Ancora una volta i numeri dicono quello che in tanti vogliono sentirsi dire: che al Nord si lavora di più, che la produttività è maggiore, che gli stipendi sono più alti. Secondo l’Ufficio studi della Cgia di Mestre, infatti, nel 2023 i lavoratori del Settentrione hanno timbrato in media 255 giornate, mentre al Sud appena 228. Ventisette giorni in meno. Ma questa, come spesso accade, è solo una parte della storia.

Perché la realtà del lavoro al Sud, specie in Sicilia, è fatta di contratti a termine, part time imposti, stagionalità nel turismo e nell’agricoltura, disoccupazione giovanile e soprattutto una piaga che continua a distorcere ogni dato ufficiale: il lavoro sommerso. A ribadirlo sono gli stessi autori del rapporto.

Precarietà e stagionalità: la normalità al Sud

L’economia informale – cioè tutto quel lavoro che esiste ma non è registrato – è molto più diffusa nelle regioni meridionali rispetto al resto d’Italia. Ci sono braccianti, camerieri, artigiani, donne delle pulizie, operatori del turismo che ogni giorno lavorano in nero o in condizioni borderline, senza contratto, senza tutele e, quindi, senza comparire in nessuna statistica. È anche per questo che il numero dei giorni lavorati appare più basso: perché tanti giorni di lavoro non vengono proprio conteggiati.

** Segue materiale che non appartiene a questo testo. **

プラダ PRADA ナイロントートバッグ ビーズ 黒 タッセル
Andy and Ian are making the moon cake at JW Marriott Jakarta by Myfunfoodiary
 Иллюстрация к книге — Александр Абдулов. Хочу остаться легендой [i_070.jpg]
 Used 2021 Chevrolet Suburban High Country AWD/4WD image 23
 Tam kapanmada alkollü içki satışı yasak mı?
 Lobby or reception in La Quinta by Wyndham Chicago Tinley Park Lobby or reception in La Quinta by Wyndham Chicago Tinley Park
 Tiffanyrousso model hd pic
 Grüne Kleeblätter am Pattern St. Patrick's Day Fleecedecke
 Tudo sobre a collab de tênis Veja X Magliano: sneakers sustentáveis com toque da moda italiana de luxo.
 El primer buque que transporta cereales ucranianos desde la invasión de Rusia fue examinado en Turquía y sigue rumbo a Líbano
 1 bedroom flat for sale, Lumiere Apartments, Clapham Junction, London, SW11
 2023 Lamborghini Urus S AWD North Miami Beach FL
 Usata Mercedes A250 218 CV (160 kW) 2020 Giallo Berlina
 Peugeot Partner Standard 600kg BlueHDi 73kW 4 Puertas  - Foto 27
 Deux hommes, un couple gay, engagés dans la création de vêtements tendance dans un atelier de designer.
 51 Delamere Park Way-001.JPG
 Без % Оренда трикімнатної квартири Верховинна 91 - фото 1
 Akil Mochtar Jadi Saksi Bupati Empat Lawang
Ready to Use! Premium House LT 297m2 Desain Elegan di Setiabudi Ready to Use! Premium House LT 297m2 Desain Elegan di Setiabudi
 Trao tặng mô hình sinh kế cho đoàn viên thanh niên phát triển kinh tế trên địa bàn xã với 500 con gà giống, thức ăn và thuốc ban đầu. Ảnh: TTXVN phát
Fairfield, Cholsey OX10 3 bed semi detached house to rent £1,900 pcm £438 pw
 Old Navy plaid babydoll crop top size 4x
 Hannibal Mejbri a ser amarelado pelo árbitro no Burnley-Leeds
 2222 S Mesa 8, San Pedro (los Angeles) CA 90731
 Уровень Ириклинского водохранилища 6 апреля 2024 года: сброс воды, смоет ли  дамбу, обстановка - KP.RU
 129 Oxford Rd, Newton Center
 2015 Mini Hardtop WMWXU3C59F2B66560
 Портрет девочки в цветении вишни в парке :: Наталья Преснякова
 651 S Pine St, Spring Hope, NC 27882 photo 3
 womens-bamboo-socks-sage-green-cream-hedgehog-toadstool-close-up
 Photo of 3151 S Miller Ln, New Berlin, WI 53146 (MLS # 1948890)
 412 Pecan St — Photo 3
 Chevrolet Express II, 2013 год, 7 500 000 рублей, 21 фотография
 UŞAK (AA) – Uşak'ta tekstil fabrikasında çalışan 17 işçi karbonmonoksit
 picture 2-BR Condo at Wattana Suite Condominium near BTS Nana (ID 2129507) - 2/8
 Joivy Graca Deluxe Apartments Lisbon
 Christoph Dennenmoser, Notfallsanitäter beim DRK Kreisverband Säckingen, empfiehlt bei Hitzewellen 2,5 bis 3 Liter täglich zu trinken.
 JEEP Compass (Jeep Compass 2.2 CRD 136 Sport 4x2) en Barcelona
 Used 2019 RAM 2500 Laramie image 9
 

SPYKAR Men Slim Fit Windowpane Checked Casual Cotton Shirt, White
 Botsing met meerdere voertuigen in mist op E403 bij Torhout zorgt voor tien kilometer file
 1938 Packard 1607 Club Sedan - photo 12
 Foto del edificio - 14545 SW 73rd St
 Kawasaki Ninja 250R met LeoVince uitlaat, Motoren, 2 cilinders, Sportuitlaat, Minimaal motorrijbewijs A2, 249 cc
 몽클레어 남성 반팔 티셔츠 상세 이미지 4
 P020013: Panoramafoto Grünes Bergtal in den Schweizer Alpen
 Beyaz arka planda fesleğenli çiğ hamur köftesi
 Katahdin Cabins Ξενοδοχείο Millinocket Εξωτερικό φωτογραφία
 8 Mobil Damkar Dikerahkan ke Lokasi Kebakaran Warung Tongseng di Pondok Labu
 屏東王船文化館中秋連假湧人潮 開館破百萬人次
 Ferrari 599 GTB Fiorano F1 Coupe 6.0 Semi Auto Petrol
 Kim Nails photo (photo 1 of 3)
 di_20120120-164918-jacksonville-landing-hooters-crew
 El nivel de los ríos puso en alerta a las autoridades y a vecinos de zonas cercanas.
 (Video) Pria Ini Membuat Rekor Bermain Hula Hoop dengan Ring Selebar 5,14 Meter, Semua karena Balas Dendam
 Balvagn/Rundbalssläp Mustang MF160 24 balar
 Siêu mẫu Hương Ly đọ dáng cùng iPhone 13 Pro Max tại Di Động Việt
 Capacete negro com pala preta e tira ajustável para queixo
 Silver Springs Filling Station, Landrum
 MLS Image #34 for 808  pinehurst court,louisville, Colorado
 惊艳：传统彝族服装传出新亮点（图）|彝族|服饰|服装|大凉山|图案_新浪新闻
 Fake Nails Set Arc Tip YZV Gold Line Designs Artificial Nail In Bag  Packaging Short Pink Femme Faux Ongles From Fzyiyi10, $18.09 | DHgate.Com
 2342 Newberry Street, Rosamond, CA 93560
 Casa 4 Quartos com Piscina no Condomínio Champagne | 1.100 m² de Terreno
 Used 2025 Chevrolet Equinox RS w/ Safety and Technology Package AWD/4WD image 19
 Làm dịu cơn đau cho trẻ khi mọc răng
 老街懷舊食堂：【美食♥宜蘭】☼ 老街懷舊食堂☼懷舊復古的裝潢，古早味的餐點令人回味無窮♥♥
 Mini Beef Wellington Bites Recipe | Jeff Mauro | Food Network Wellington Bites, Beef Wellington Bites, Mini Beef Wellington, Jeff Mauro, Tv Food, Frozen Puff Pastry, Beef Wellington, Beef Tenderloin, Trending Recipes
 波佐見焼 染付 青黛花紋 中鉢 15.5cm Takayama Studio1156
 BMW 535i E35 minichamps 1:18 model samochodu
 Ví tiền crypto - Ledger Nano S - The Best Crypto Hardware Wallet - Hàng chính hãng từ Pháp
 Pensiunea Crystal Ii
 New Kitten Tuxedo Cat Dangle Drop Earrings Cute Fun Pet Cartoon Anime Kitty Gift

A pesare sono anche le caratteristiche del nostro mercato del lavoro: la mancanza di stabilità, la diffusione del part time involontario e i contratti stagionali, soprattutto nel settore dei servizi e del turismo. Il risultato? Un’occupazione frammentata, che abbassa la media delle giornate lavorate e rende sempre più difficile costruire un futuro.

Produttività e stipendi: un divario antico

Il divario con il Nord si riflette anche nei salari. Secondo la Cgia, nel 2023 un lavoratore del Nord guadagnava in media 104 euro lordi al giorno, contro i 77 euro del Sud. Su base annua, a Milano si superano i 34 mila euro, a Trapani – per fare un esempio vicino – si scende sotto i 15 mila. Peggio ancora va a Vibo Valentia, in Calabria, dove la retribuzione media non supera i 13.400 euro. La media nazionale è di 23.662 euro.

Ma anche qui, la differenza non è casuale. Le grandi aziende, le multinazionali, le realtà produttive più solide e strutturate – quelle che offrono stipendi più alti – sono concentrate soprattutto al Nord. Per tanti motivi. Alcuni legittimi e comprensibili, come il fatto di essere logisticamente più vicini al centro Europa. Ma non si possono certo ignorare decenni di scelte politiche, investimenti pubblici e infrastrutture distribuiti in modo diseguale. In Sicilia e nel Mezzogiorno ci sono competenze, idee, capacità. Bisogna favorire e aumentare le occasioni. Come fare? Questa la domanda rimasta inevasa ormai dal secolo scorso.